CRA made in USA

In Otero

On se croit estampillé touriste lambda à l’abri des ennuis et bim ! On se retrouve enfermé dans un centre de détention pour migrants au fin fond du Nouveau‑Mexique. Récit d’une semaine d’incarcération aux côtés de demandeurs d’asile emprisonnés par ce foutu Oncle Sam.

Aïe. Menottes aux poignets, brinquebalé dans un fourgon, je me cogne régulièrement la tête contre la paroi de métal. Ça fait sourire les deux flics à l’avant, lesquels refusent de me répondre quand je leur demande notre destination. Arrêté au poste-frontière séparant Ciudad Juárez (Mexique) d’El Paso (Texas) pour une histoire de visa mal fagoté, je viens de passer 48 heures dans une cellule de douze m2 en compagnie d’une dizaine de compagnons d’infortune et d’une couverture de survie – la teuf.

Après une demi-heure de cahots, on approche de Chapparal, bourgade du Nouveau-Mexique où a été inauguré en 2008 un patibulaire complexe pénitentiaire intitulé Otero County Processing Center. Il est géré par l’Immigration and Customs Enforcement (ICE), agence douanière créée en 2001 dans la foulée paranoïaque des attentats du 11-Septembre. C’est elle qui préside aux destinées des personnes migrantes emprisonnées ici, souvent pour de longs mois. Et je comprends vite que c’est ma nouvelle logeuse.

Dortoir carcéral

Le premier coup d’œil est flippant. D’immenses bâtiments posés dans le désert comme des monolithes de béton, pouvant contenir un gros millier de personnes et entourés de deux hautes barrières ornées de barbelés. Des agents pénitentiaires partout, armés de matraques et de bombes lacrymos. Et des détenus vêtus d’uniformes similaires, à ceci près que certains sont bleus, d’autres oranges et les derniers rouges – marquant leur degré de « dangerosité ». J’écope de la force bleue et, délesté de mes maigres possessions, me fait escorter jusqu’à mon nouveau foyer. Intitulé « Charlie One », c’est un dortoir haut de plafond aux airs de hangar agricole et accueillant une cinquantaine d’hommes. Niveau confort, c’est moyen : environ 200 m2 habités par des lits superposés en métal, la même superficie dédiée au coin loisirs (dix tables, deux télés) et chiottes/douches. Pour assaisonner le tout, une peinture jaune pisse qui rajoute au glauque des lieux.

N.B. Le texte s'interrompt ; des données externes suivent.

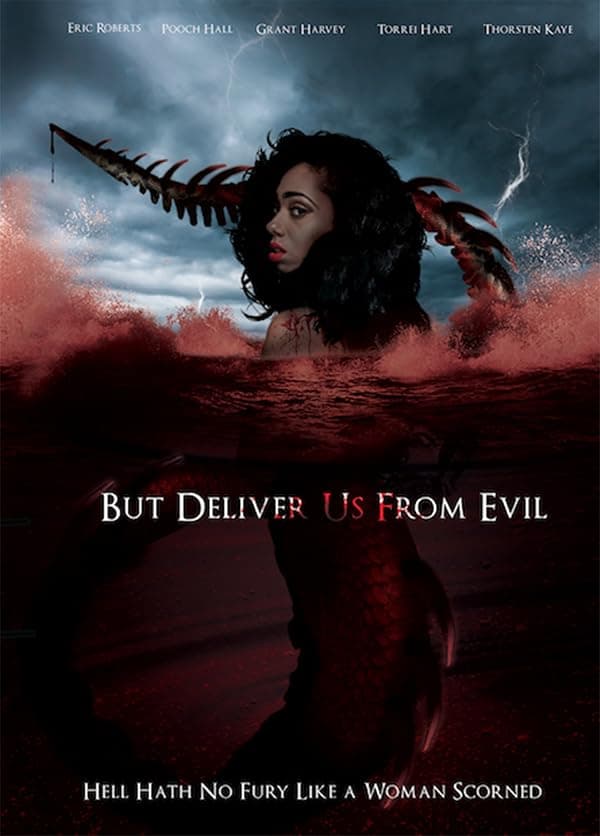 But Deliver Us from Evil poster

Alors que de mauvais films de prison ultra-violents tournent dans ma tête, le comité d’accueil me rassure vite. Miguel, placide quarantenaire mexicain à forte bedaine, me montre mon lit, « cama diez y siete [lit n°17] », et m’égraine patiemment les différents us et coutumes de la maison. En gros : maintenir ordre et propreté histoire que les conditions de détention ne soient pas aggravées par le bordel. Pour le reste, j’ai droit à une couverture élimée, à une mini brosse à dents et à une présentation des différentes personnes retenues ici. Après cette tournée de checks, j’écope de mon surnom : « El François ». Le Français, le seul à être emprisonné ici. Cocorico.

Camarades de chambrée

« T’écris quoi ? », me demande Luis le lendemain, quand il me voit installé à une table avec une feuille et un crayon de papier, seuls objets de « loisir » fournis à volonté. « La vie des gens ici », que je bafouille dans un mauvais espagnol. Il prend place en face de moi et entreprend de me raconter son parcours. La quarantaine, une coiffure bizarrement ondulée qu’il repeigne toutes les dix minutes, celui qui vient du Venezuela qu’il a dû quitter pour des raisons politiques se montre prolixe : « J’ai de quoi écrire un livre avec toutes mes aventures pour rejoindre les États-Unis. Tiens, tu connais la jungle du Darién entre la Colombie et le Panama ? Comme pas mal de gens ici, j’ai dû la traverser. Tu imagines ce que ça fait quatre jours de traversée avec les serpents, les autres trucs venimeux, la peur de mourir au milieu de nulle part ? » Dix mois qu’il est ici à remuer ses souvenirs ; il est fier d’être arrivé aussi loin dans son périple et ne craint qu’une chose : sa probable expulsion.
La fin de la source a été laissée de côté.